Monday 10 February 2014

Bosch Software Innovations’ M2M/IoT Application Platform. Good? Yes. And perhaps, just perhaps, it’s worth USD1.4bn.



Last week Machina Research spent a couple of interesting days in the company of Bosch Software Innovations, plus selected partners, at Bosch Connected World (BCW) in Berlin.

Bosch Software Innovations has spotted the niche in the platforms market that we refer to as ‘M2M/IoT Application Platforms’, and they hosted BCW to tell everyone about it. A quick re-cap: right now, most platforms (and most participants) in the M2M space are essentially vertically focussed. The telecoms industry, in particular, has spent much of the last few years trying to create vertically integrated behemoths to slug it out for market share. Into this arena steps the IoT-enabling M2M/IoT Application Platform, whose raison d’être is to offer a horizontal application development environment by abstracting across the jungle of vertical solution providers that there is out there. I first wrote on the topic of cross-operator, horizontally focussed, Service Enablement platforms back in 2011. These entities were very much a theoretical construct back then, of course, but now they are becoming a reality in the form of M2M/IoT Application Platforms. If you’re interested to find out more on M2M/IoT Application Platforms, check out this White Paper.

The demonstrations at BCW and the overall theme of BCW reminded somewhat of the approach that ThingWorx takes. The aim is to make the application developer king, of course underpinned by the kong of an open environment and standards (thank you @caro_buck, although I would assert that many of those ‘standards’ will be de-facto, at least in the early years). The application programming environment should be drag-and-drop simple and flexible across a range of verticals and applications. 

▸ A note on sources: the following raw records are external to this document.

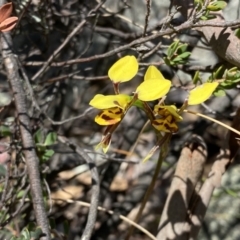 Diuris sulphurea at Tuggeranong, ACT - 22 Oct 2023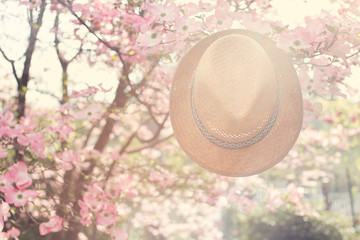 Old straw hat against attached on a plant in garden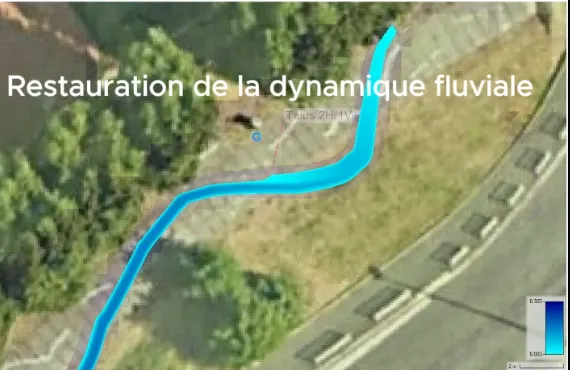 Vue aérienne d'un tracé de cours d'eau restauré illustrant la dynamique fluviale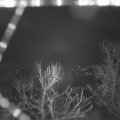 Webcam_20240306-060000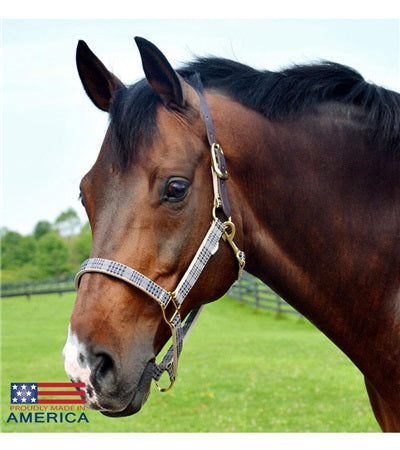 5/A Baker® Breakaway Halter with Full Leather Crown 1"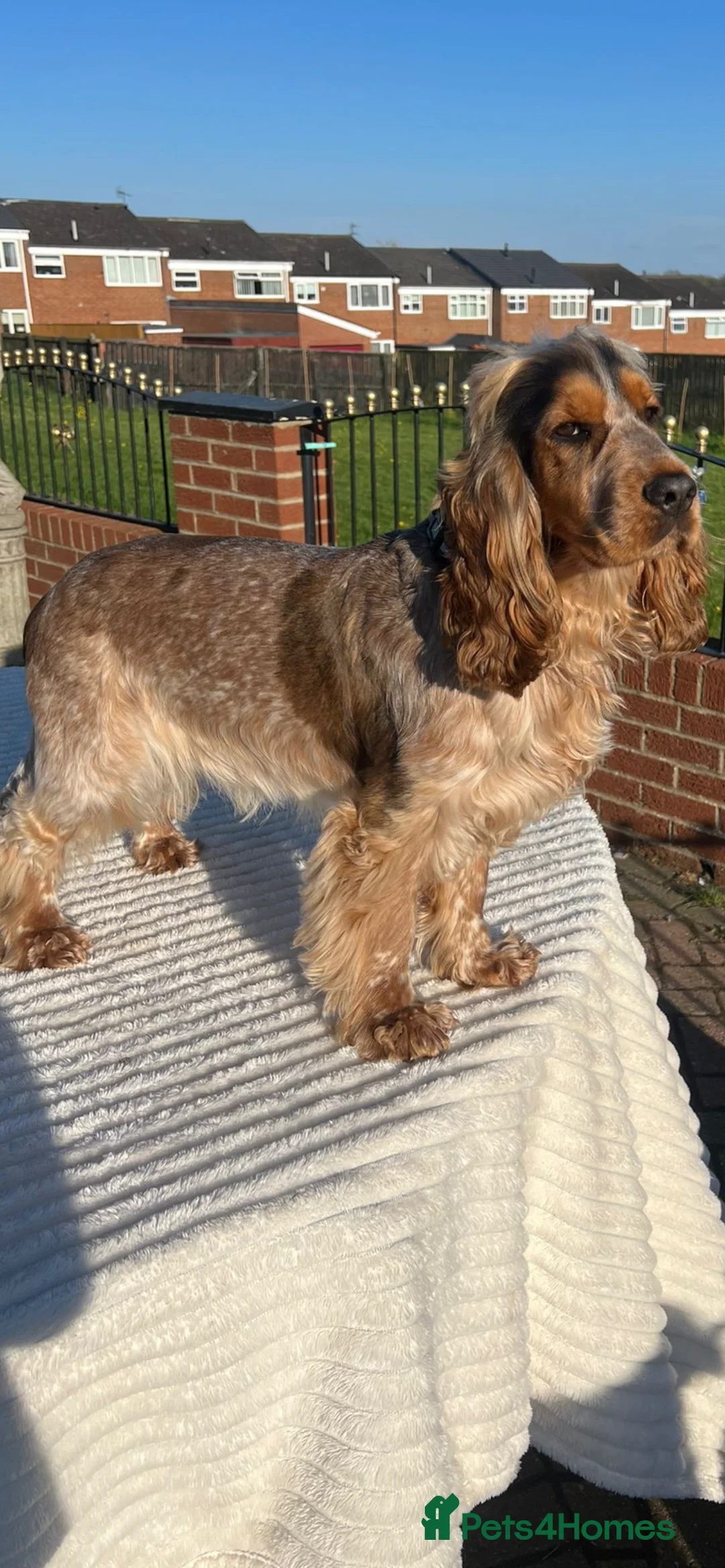 Cocker Spaniel dogs for stud: 2 PROVEN/HEALTH CLEAR KC Show Cocker Spaniels Stud in Shildon - Advert 9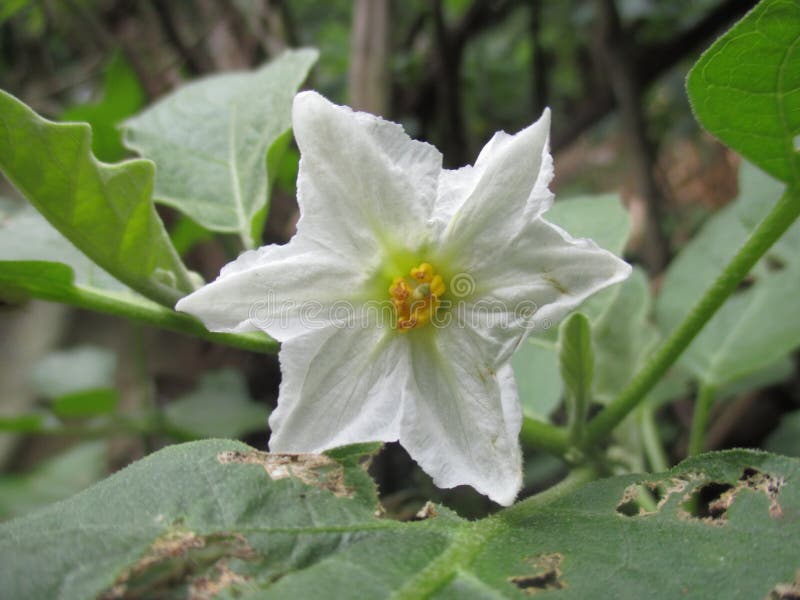 Eggplant flowers stock image. Image of flowers, beautiful 105853831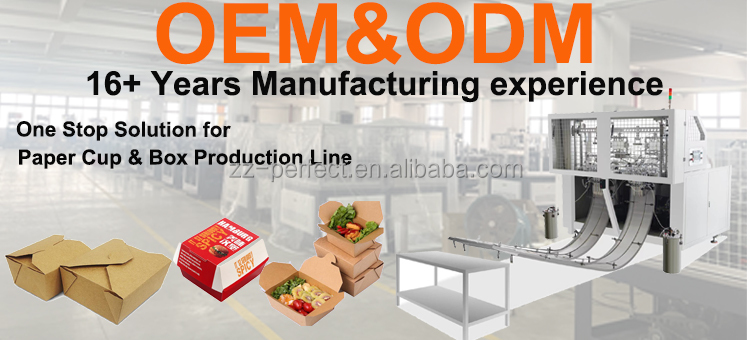 Double Station Paper Box Machine Overview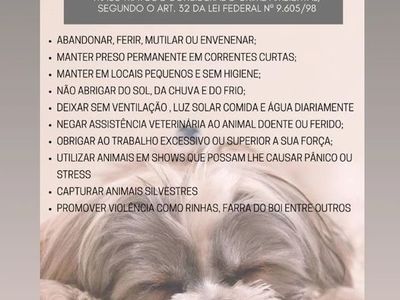 Page text e211838974f541de9ca8213c14a6b1e7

Bosch is doing much the same but, betraying Robert Bosch’s Swabian roots, the typical implementation leans more towards a centrally managed on-site deployment rather than a more fashionable cloud deployment. However, I’d assume that the balance will shift as Bosch S.I. seeks to address the smaller scale opportunities that it will need to support in order to be successful in this space.

On the flight back home, and with ThingWorx in mind, I took out my slide rule. I met Russ Fadel (CEO, ThingWorx) in early December 2013 at the ThinkMonk event in Shoreditch, London. There was a power cut, and we met in a room that was really quite dark, and got progressively colder as the meeting progressed. At that time ThingWorx comprised around 50 people, and was looking to expand substantially over the course of 2014. Of course, this envisaged organic growth never happened since ThingWorx was acquired by PTC for USD112m in late December 2013. That kind of money pays a lot of electricity bills. Applying a crude ratio of an implied value of USD2.25m per employee to Bosch Software Innovations “more than 600” employees (let’s call it 625) results in an implied valuation of USD1.4bn. Crazy? Probably. And I’m sure that there’s more to valuation than that, and I’d never recommend buying any stocks on my say-so, but Bosch S.I. does seem to have a significant presence in a fairly interesting niche.